# [ABOUT THIS EXERCISE]
What is needed is an exact transcription of every record.

Segment Open

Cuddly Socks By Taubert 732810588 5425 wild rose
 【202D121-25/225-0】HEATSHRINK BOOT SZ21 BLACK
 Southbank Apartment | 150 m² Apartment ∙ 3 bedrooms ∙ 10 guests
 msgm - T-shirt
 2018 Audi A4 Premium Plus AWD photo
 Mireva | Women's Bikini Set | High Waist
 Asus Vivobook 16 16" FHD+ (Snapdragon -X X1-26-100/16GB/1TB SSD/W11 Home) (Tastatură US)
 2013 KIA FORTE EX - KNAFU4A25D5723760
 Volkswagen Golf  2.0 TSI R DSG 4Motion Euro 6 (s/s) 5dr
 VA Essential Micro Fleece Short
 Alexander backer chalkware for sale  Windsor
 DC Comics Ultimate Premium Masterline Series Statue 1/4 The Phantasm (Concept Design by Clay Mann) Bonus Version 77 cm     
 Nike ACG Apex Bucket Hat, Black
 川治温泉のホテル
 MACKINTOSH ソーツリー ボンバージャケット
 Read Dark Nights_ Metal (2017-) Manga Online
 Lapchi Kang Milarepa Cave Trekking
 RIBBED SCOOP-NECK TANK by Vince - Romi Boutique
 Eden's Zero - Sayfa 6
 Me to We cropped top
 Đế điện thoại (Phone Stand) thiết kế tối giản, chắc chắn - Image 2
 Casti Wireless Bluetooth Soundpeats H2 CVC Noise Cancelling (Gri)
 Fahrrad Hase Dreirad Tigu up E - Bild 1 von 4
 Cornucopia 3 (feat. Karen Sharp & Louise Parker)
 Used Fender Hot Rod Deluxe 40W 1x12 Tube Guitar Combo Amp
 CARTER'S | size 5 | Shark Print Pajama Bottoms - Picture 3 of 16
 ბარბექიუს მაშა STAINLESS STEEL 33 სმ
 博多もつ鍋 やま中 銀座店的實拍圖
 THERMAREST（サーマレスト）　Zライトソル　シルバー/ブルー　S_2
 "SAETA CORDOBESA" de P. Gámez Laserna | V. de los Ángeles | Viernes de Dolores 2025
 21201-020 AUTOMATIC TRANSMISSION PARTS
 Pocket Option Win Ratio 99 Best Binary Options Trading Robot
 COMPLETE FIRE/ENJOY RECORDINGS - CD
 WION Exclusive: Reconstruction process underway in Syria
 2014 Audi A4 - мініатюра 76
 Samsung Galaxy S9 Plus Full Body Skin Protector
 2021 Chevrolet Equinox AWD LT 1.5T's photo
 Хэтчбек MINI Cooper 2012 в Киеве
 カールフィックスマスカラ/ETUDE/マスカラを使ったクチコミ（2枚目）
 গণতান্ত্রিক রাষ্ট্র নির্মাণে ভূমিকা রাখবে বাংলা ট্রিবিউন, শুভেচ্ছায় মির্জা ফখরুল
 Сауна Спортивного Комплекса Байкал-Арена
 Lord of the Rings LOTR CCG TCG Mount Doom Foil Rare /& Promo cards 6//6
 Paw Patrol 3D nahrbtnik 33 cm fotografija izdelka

Segment Closed

# [TASK OUTPUT]
Cuddly Socks By Taubert 732810588 5425 wild rose
 【202D121-25/225-0】HEATSHRINK BOOT SZ21 BLACK
 Southbank Apartment | 150 m² Apartment ∙ 3 bedrooms ∙ 10 guests
 msgm - T-shirt
 2018 Audi A4 Premium Plus AWD photo
 Mireva | Women's Bikini Set | High Waist
 Asus Vivobook 16 16" FHD+ (Snapdragon -X X1-26-100/16GB/1TB SSD/W11 Home) (Tastatură US)
 2013 KIA FORTE EX - KNAFU4A25D5723760
 Volkswagen Golf  2.0 TSI R DSG 4Motion Euro 6 (s/s) 5dr
 VA Essential Micro Fleece Short
 Alexander backer chalkware for sale  Windsor
 DC Comics Ultimate Premium Masterline Series Statue 1/4 The Phantasm (Concept Design by Clay Mann) Bonus Version 77 cm     
 Nike ACG Apex Bucket Hat, Black
 川治温泉のホテル
 MACKINTOSH ソーツリー ボンバージャケット
 Read Dark Nights_ Metal (2017-) Manga Online
 Lapchi Kang Milarepa Cave Trekking
 RIBBED SCOOP-NECK TANK by Vince - Romi Boutique
 Eden's Zero - Sayfa 6
 Me to We cropped top
 Đế điện thoại (Phone Stand) thiết kế tối giản, chắc chắn - Image 2
 Casti Wireless Bluetooth Soundpeats H2 CVC Noise Cancelling (Gri)
 Fahrrad Hase Dreirad Tigu up E - Bild 1 von 4
 Cornucopia 3 (feat. Karen Sharp & Louise Parker)
 Used Fender Hot Rod Deluxe 40W 1x12 Tube Guitar Combo Amp
 CARTER'S | size 5 | Shark Print Pajama Bottoms - Picture 3 of 16
 ბარბექიუს მაშა STAINLESS STEEL 33 სმ
 博多もつ鍋 やま中 銀座店的實拍圖
 THERMAREST（サーマレスト）　Zライトソル　シルバー/ブルー　S_2
 "SAETA CORDOBESA" de P. Gámez Laserna | V. de los Ángeles | Viernes de Dolores 2025
 21201-020 AUTOMATIC TRANSMISSION PARTS
 Pocket Option Win Ratio 99 Best Binary Options Trading Robot
 COMPLETE FIRE/ENJOY RECORDINGS - CD
 WION Exclusive: Reconstruction process underway in Syria
 2014 Audi A4 - мініатюра 76
 Samsung Galaxy S9 Plus Full Body Skin Protector
 2021 Chevrolet Equinox AWD LT 1.5T's photo
 Хэтчбек MINI Cooper 2012 в Киеве
 カールフィックスマスカラ/ETUDE/マスカラを使ったクチコミ（2枚目）
 গণতান্ত্রিক রাষ্ট্র নির্মাণে ভূমিকা রাখবে বাংলা ট্রিবিউন, শুভেচ্ছায় মির্জা ফখরুল
 Сауна Спортивного Комплекса Байкал-Арена
 Lord of the Rings LOTR CCG TCG Mount Doom Foil Rare /& Promo cards 6//6
 Paw Patrol 3D nahrbtnik 33 cm fotografija izdelka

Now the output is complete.